しかし、本棚の影にいる少女に逃げ場などない。どうしようもなく、ただ青年との距離が縮まっていく。
(……ひえ)
ぱた、と軽い物が足に当たる感覚がした。
視線を落とすと抱いていたぬいぐるみが、足下に横たわっている。動揺のあまり手を離してしまったのだ。
青年は身をすくませている少女の前まで来た。
すると、そのまま素通りして近くのランプに手を伸ばす。すぐそばにいる少女に気付いた風もなく、明かりをつけた。
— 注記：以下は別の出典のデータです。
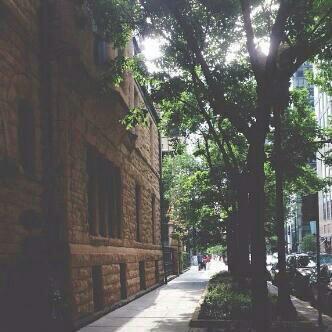 n5161's tweet photo. صبآحح آلخخير ♡`♡ http://t.co/BC5nLzS2hd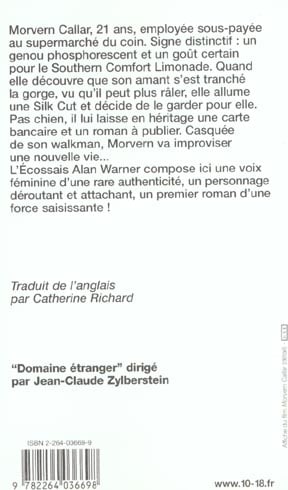 media/pim/TITELIVE/58_9782264036698_4_75.jpg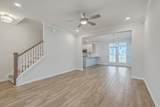 8734 Revival Road - Photo 5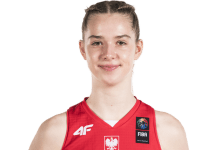https://img.jingyuzhibol.com.cn/img/basketball/player/e70faaa5e75e254510530ca233891adb.png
ふと床に転がっているぬいぐるみに目が止まる。あれ、と拾い上げた。
「どうしてコレがここにあるんだろう。妹の部屋にあるはずなのに」
家政婦にも見せてみるが、首を傾げるばかりで青年の問いには答えられない。
「さぁ。誰が持ってきたんでしょう。それより、お坊ちゃんはお疲れみたいですので、お茶をお持ちしますよ」
家政婦は座っているよう言い渡して退室した。
青年は肩をすくめると、言われた通りにソファに戻る。少女には一度たりとも視線をよこさなかった。
再びソファに腰かけると、ぬいぐるみを眺める。口元をほころばせて、懐かしいなと呟いた。
「あいつがいつも持ち歩いていたっけ。ずいぶんと古ぼけっちまったなあ」
そう言いつつも、ぬいぐるみをなでる仕草は優しい。
しばらくはぬいぐるみを抱いて物思いにふけっていたが、次第にまぶたが下がっていく。ついには船をこぎ始めた。